Inversement, Syriza compte aussi des gens favorables au maintien du pays dans l’Union et surtout, au-delà des idéologies, à l’idée européenne. Ils sont prêts à mettre de côté les blocages et la rigidité dogmatiques en faveur de solutions raisonnables de sortie de la crise. Ils sont surtout conscients qu’une telle sortie ne peut se faire qu’avec l’aide et l’assistance active de l’Europe, donc grâce à des compromis acceptables pour tous, créanciers comme débiteur. Le moindre de leurs représentants n’est pas M. Stathakis, ministre de l’Économie dont les discrètes interventions devraient être plus fréquentes et surtout mieux écoutées.

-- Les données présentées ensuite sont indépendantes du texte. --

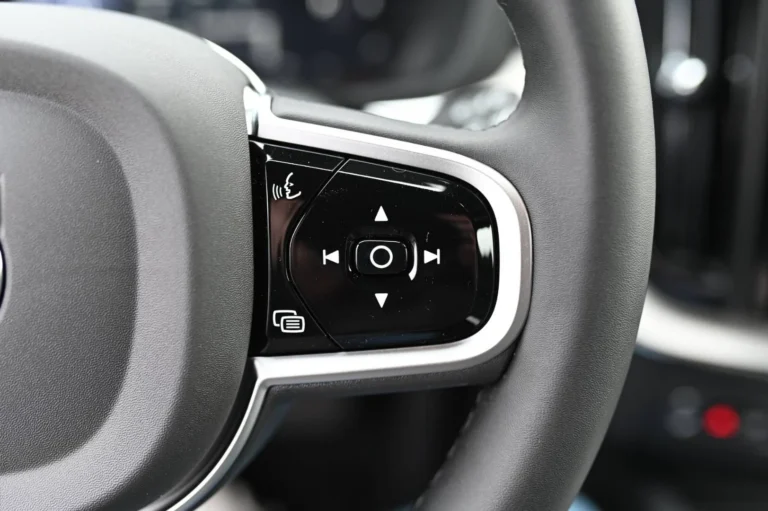 Volvo XC60 B5 (P) PLUS | Begam Trnava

Un tel cadre exigerait naturellement à terme une redistribution des cartes au niveau politique, peut-être même un éclatement de Syriza et de nouvelles alliances. N’oublions tout de même pas que le 70% du corps électoral grec reste de tendance politique modérée.
Le problème est de savoir dans quel « camp » situer M. Tsipras. Les semaines, voire les jours qui suivent devraient l’obliger à « jeter le masque » et se situer plus clairement, vu l’urgence. Une lueur d’encouragement: sa prestation et son discours, plutôt positifs, lors de la rencontre avec Mme Merkel le lundi 23 mars.